Combined, the funds own a stake in Salesforce valued at about $708 million, based on the closing price Tuesday of $80.92. The San Francisco-based company has a market value of about $57 billion.
Representatives for Salesforce, Corvex and Sachem Head declined to comment. A representative for Jana didn’t respond to a request for comment.
The moves come after the company faced investor concerns about its acquisition strategy—including the interest in Twitter. In September, the troubled social-media service held informal talks with potential suitors, with Salesforce one of the main parties interested in a deal, according to people familiar with the matter. The transaction would’ve been a large one for the business software provider to swallow: Twitter’s market valuation at the time was about $16 billion, or about a third of the whole of Salesforce’s.
The interest cooled off after shareholders questioned the wisdom of such a purchase, which had already rattled the company’s shares, the people familiar with the matter said at the time.
Investor concerns about a large deal were further stirred after CEO Marc Benioff in November said on a analysts’ call it was his “dream” to double the company within the next three to four years, according to analysts at Cowen & Co. Some investors may have thought acquisitions were needed to drive that much growth, the analysts said, though they downplayed those worries.
Salesforce had forecast in November revenue of $8.365 billion to $8.375 billion for fiscal year 2017 that ended Jan. 31. For fiscal year 2018, it projected $10.1 billion to $10.15 billion.

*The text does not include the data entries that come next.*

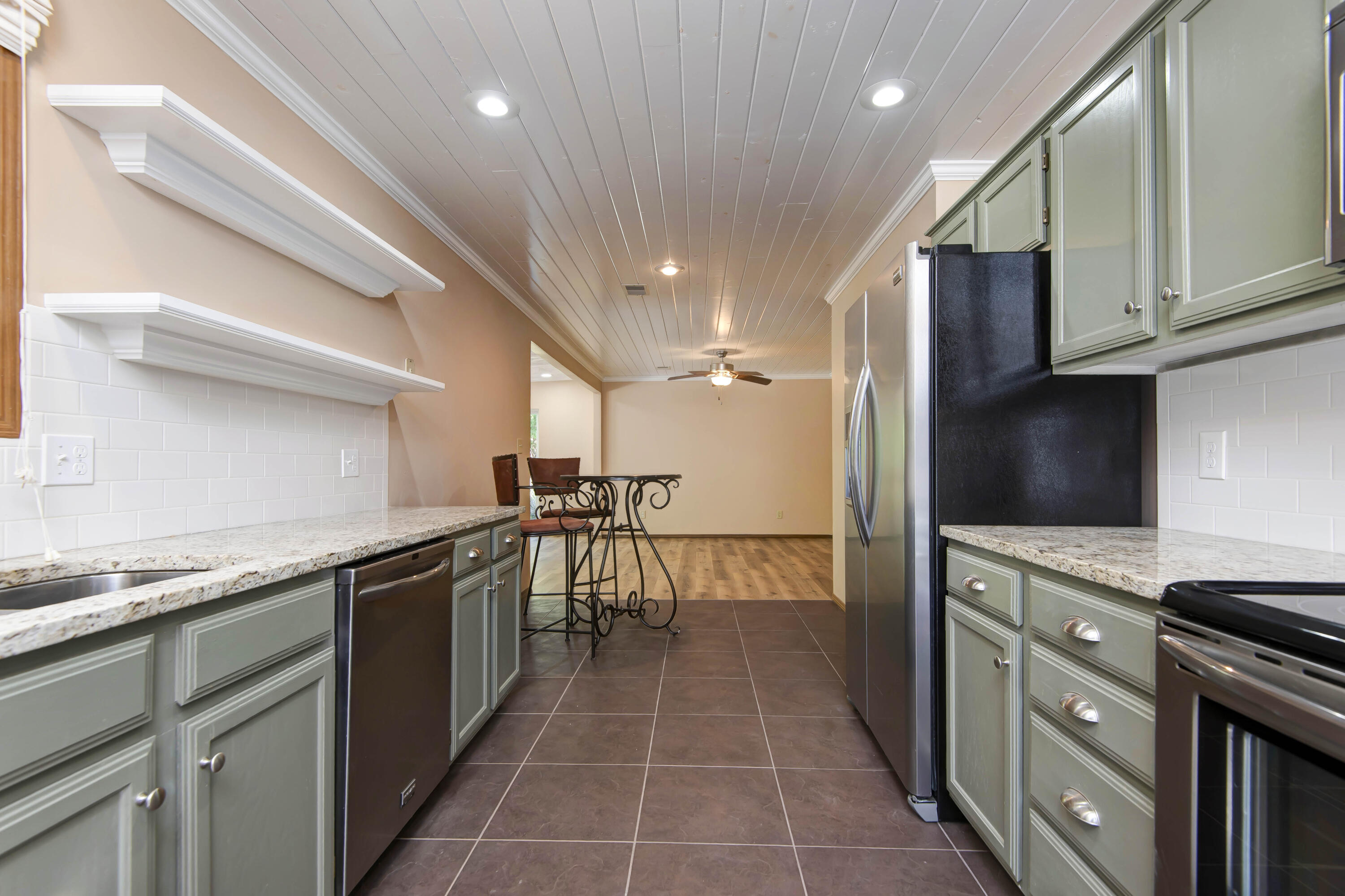 184 Hidden Edge Terrace Property Photo 14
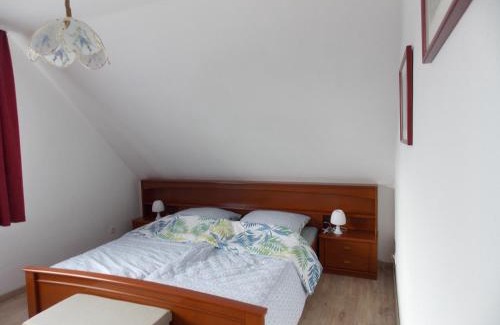 Region Hannover District Apartment | Ferienwohnung Heese Wennigsen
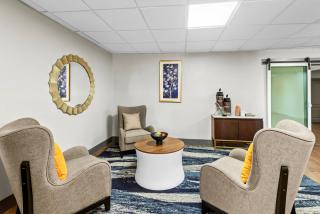 Comfort Suites Texarkana Texas - Texarkana - Texas - 5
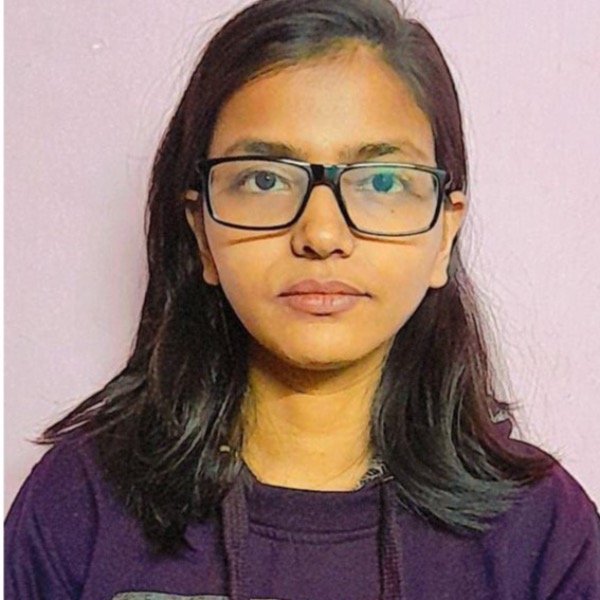 Anjali Singh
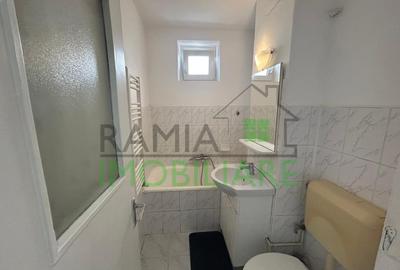 Apartament 2 camere - Vlahuta, Brasov - 4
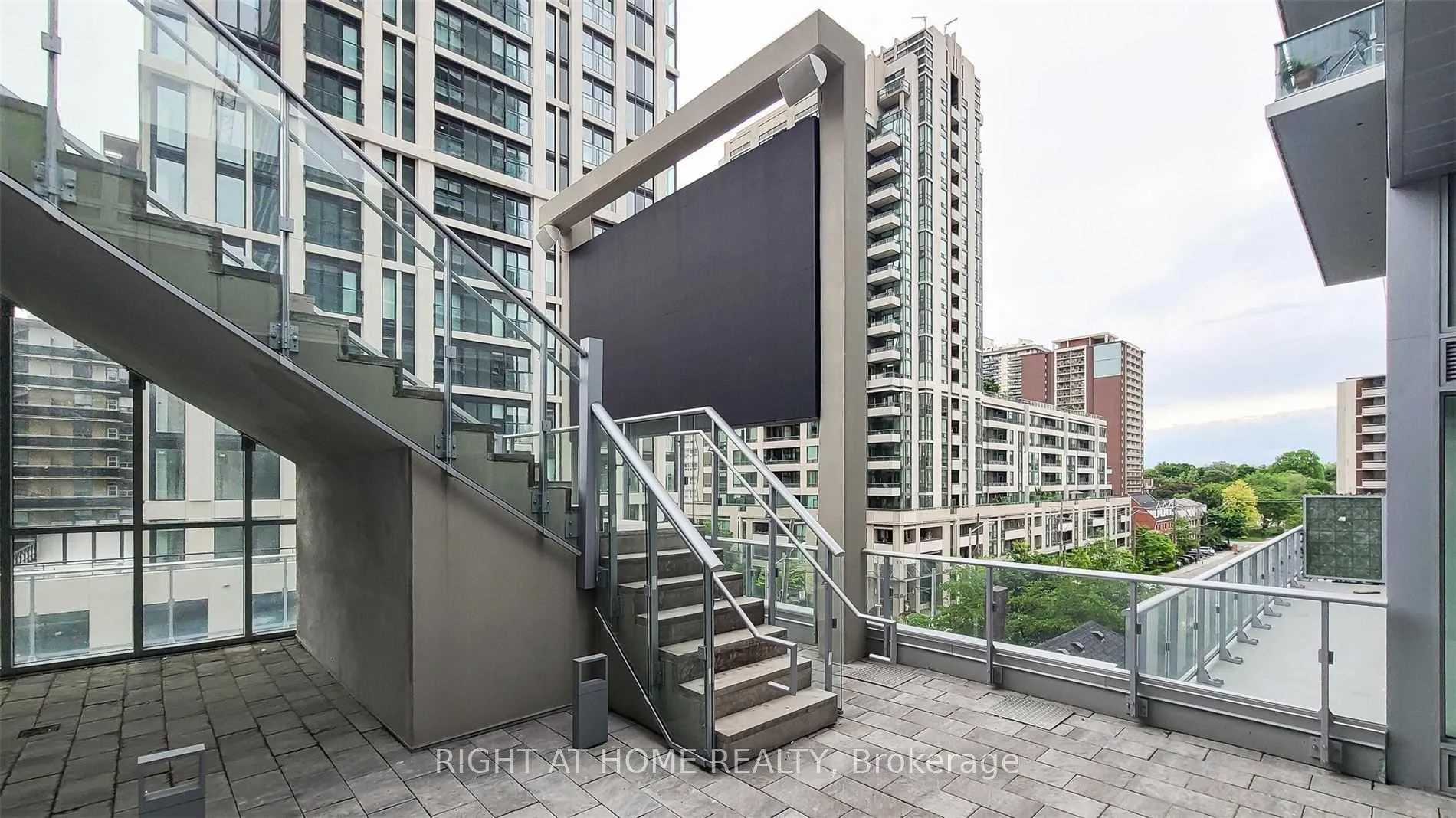 Photo 20 of Unit 3104, 195 Redpath Avenue, Toronto, Mount Pleasant West — HOMEH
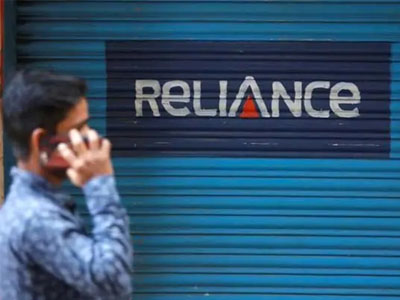 How banks ran up USD 7 billion phone bill with RCom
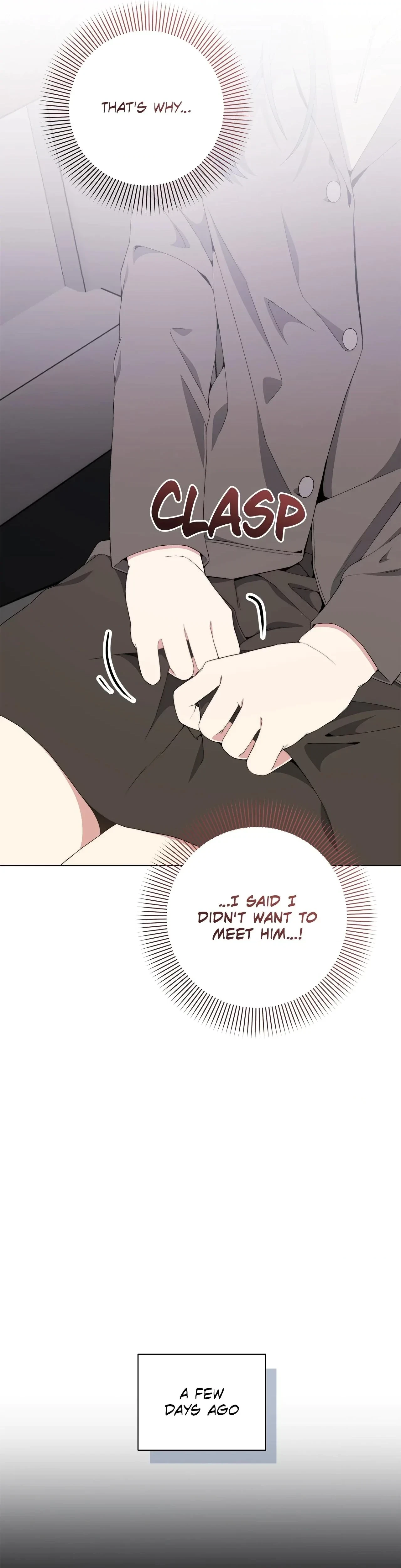 Chapter 2, page 14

During the call, Benioff also said the next goal for the company was for $20 billion in sales.
The stakes taken by the new investors are small, and won’t necessarily be used to agitate for change. Shares in Salesforce are trading close to their all-time high of $83.77, hit on May 27. In 2015, when Salesforce hired bankers to help it field interest from potential suitors including Microsoft, the stock traded around $66 a share.
Meister, who previously worked for billionaire activist investor Carl Icahn, formed Corvex at the end of 2010. He has most recently been active at pipeline operator Williams Cos., online radio service Pandora Media Inc., and fast food chain Yum! Brands Inc.
Sachem’s Ferguson is also the protege of a famed activist, working under Bill Ackman at Pershing Square Capital Management before leaving in 2012 to start Sachem Head. He’s recently targeted Autodesk Inc., with Sachem’s board representatives at the maker of design software stepping down just last week.
Jana holds activist stakes in magazine publisher Time Inc. and industrial distributor HD Supply Holdings Inc. While most of New York-based Jana’s investments aren’t activist, it’s those campaigns that often attract the most attention.
Salesforce gives its next financial report at the end of this month. In its last update, the company said sales grew 25% to $2.14 billion in the quarter ended Oct. 31. Still, that was below the rate of more than 30% as recently as the first half of 2015. Its adjusted operating margin declined slightly to 12.7%.
Last year, Salesforce acquired e-commerce software company Demandware, which became the basis for its new Commerce Cloud suite of e-commerce software. Last fall, Salesforce launched the Lightning Bolt software platform for building customer-facing e-commerce sites on top of its CRM software.